Le taux d’intérêt sera fixé à 0% afin de ne pas fragiliser la situation financière de la débitrice.
[T] [N] divorcée [E] devra poursuivre le règlement de ses loyers, charges courantes et cotisations d’assurance durant toute la mesure.
En cas de changement significatif de ses conditions de ressources à la hausse comme à la baisse, il appartiendra à [T] [N] divorcée [E] de saisir la commission de surendettement de son domicile d’une nouvelle demande.
3. Sur les demandes accessoires
Les dépens seront laissés à la charge des parties.

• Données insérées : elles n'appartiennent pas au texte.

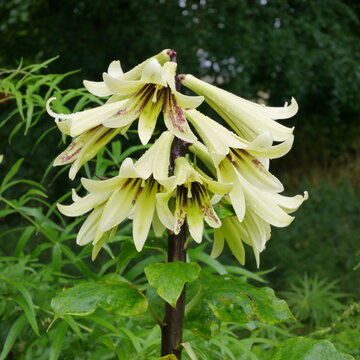 cardiocrinum giganteum var yunnanense lily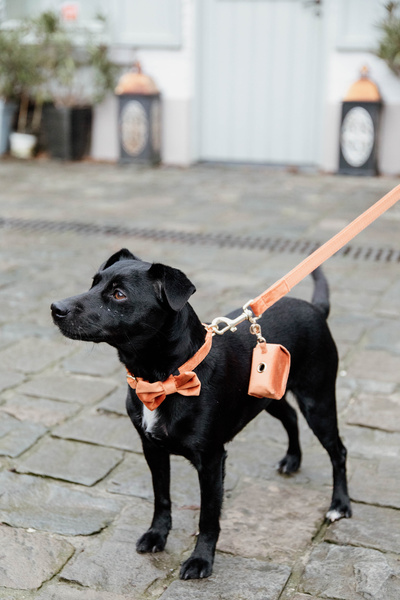 Smycz dla psa Kentucky Dogwear Velvet - 120 cm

En équité, il n’y a pas lieu de faire droit à la demande de [P] [F] au titre de l’article 700 du code de procédure civile.
Il sera rappelé que la présente décision est immédiatement exécutoire.
PAR CES MOTIFS
La juge des contentieux de la protection, statuant publiquement, par jugement réputé contradictoire, rendu en premier ressort, par mise à disposition au greffe,
DECLARE la contestation de [P] [F] recevable en la forme ;
PRONONCE une mesure de rééchelonnement des dettes ;
FIXE le montant maximum de la mensualité de remboursement à la somme de 125 euros ;
ORDONNE la liquidation du livret épargne développement durable et solidaire CAISSE D’EPARGNE IDF de [T] [N] divorcée [E] pour le règlement de la première mensualité ;
ARRÊTE les mesures propres à traiter la situation de surendettement de [T] [N] divorcée [E] selon les modalités suivantes, qui entrent en vigueur le 05/04/2026 :
DIT le taux d’intérêt pour toutes les créances est fixé à 0% et les dettes reportées ou rééchelonnées ne produiront pas intérêts ;
DIT que [T] [N] divorcée [E] devra prendre l’initiative de contacter ses créanciers pour mettre en place les modalités pratiques de règlement des échéances ;
RAPPELLE qu’à défaut de respect de la présente décision, et après expiration d’un délai de quinze jours à compter de l’envoi par un créancier d’une mise en demeure adressée à la débitrice par courrier recommandé avec accusé de réception et restée infructueuse, le plan deviendra caduc et les sommes dues deviendront immédiatement exigibles, de sorte que les créanciers pourront à nouveau exercer des poursuites individuelles ;
RAPPELLE que, pendant l’exécution des mesures de redressement, [T] [N] divorcée [E] ne pourra pas contracter de nouvelles dettes, sous peine de déchéance du bénéfice des dispositions du présent jugement ;
RAPPELLE qu’aucune voie d’exécution ne pourra être poursuivie par l’un quelconque des créanciers pendant toute la durée d’exécution des mesures, sauf à constater la caducité de ces dernières ;
ORDONNE à [T] [N] divorcée [E], pendant la durée du plan, de ne pas accomplir d’acte qui aggraverait sa situation financière, sauf autorisation du juge, et notamment :
— d’avoir recours à un nouvel emprunt,
— de faire des actes de disposition étranger à la gestion normale de son patrimoine ;
RAPPELLE que ces mesures sont signalées au Fichier des Incidents de paiement de remboursement des Crédits aux Particuliers géré par la banque de France et qu’une inscription sera maintenue pendant toute la durée du plan, sans pouvoir excéder 7 ans ;
DIT qu’en cas d’évolution de sa situation financière, [T] [N] divorcée [E] devra de nouveau saisir la Commission ;
DEBOUTE [P] [F] de ses autres demandes ;
LAISSE à chaque partie la charge de ses propres dépens ;
DEBOUTE [P] [F] de sa demande au titre de l’article 700 du code de procédure civile ;
RAPPELLE que le présent jugement bénéficie de l’exécution provisoire de droit ;
DIT que la décision sera notifiée par lettre recommandée avec avis de réception à [T] [N] divorcée [E] et à ses créanciers, et par lettre simple à la commission de surendettement des particuliers de Paris.